During the COVID-19 pandemic, the world witnessed an unprecedented surge in e-commerce. Lockdowns and social distancing measures forced people around the world to adapt to new ways of shopping, primarily moving essential items to online platforms. This change has led to impressive growth in e-commerce, with the market expanding by 43% in 2020. This is much faster than last year’s growth.
This boom in online shopping has sparked a “gold rush” in industrial warehouse development. In 2020, industrial land construction nearly doubled compared to 2019, reaching approximately 276 million square feet. By 2022, this number has increased slightly to 280 million square feet.
However, this rapid pace of development of industrial real estate is starting to more closely match demand. Factors such as rising interest rates and inflation are contributing to this trend. In particular, construction costs in 2022 increased by 14.1% compared to the previous year, suggesting a slowdown in industrial development.

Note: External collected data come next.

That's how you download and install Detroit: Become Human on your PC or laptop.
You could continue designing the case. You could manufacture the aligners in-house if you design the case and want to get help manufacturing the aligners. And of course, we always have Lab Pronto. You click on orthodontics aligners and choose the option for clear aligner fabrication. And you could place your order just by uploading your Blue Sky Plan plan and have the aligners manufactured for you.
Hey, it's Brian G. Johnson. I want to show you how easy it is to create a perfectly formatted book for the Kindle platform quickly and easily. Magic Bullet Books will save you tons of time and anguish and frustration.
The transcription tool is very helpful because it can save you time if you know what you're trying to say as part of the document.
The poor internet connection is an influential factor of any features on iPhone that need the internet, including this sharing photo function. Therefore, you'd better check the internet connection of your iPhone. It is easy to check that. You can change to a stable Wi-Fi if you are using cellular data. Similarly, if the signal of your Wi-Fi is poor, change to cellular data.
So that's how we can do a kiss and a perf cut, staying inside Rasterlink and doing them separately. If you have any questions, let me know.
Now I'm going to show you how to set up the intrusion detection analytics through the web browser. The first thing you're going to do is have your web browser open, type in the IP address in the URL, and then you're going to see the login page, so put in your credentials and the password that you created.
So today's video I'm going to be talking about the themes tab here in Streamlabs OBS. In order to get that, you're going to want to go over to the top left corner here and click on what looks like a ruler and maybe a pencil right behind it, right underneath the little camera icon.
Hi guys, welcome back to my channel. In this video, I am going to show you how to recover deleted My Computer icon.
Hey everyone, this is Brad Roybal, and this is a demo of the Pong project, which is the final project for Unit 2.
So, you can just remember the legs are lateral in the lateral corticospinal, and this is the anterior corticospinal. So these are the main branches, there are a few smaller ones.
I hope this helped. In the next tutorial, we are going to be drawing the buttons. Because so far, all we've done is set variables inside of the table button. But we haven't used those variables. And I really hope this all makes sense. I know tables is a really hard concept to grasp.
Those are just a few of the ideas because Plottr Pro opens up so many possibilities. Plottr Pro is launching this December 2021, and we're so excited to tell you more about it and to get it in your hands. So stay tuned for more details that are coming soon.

This slowdown has significant implications for the broader real estate market. First, investors, including well-resourced ones like Blackstone, are diversifying their portfolios by investing in different types of real estate. This movement has resulted in higher prices in these new areas. Second, the slowing pace of new industrial development is preserving the value of existing properties, especially properties that are already leased.
Industrial real estate has proven to be a lucrative investment for early entrants. Other investors continue to recognize the sector’s potential and stability as a viable investment option. In line with the continued growth and needs of the e-commerce sector, we are ready to resume construction activities when market conditions improve again.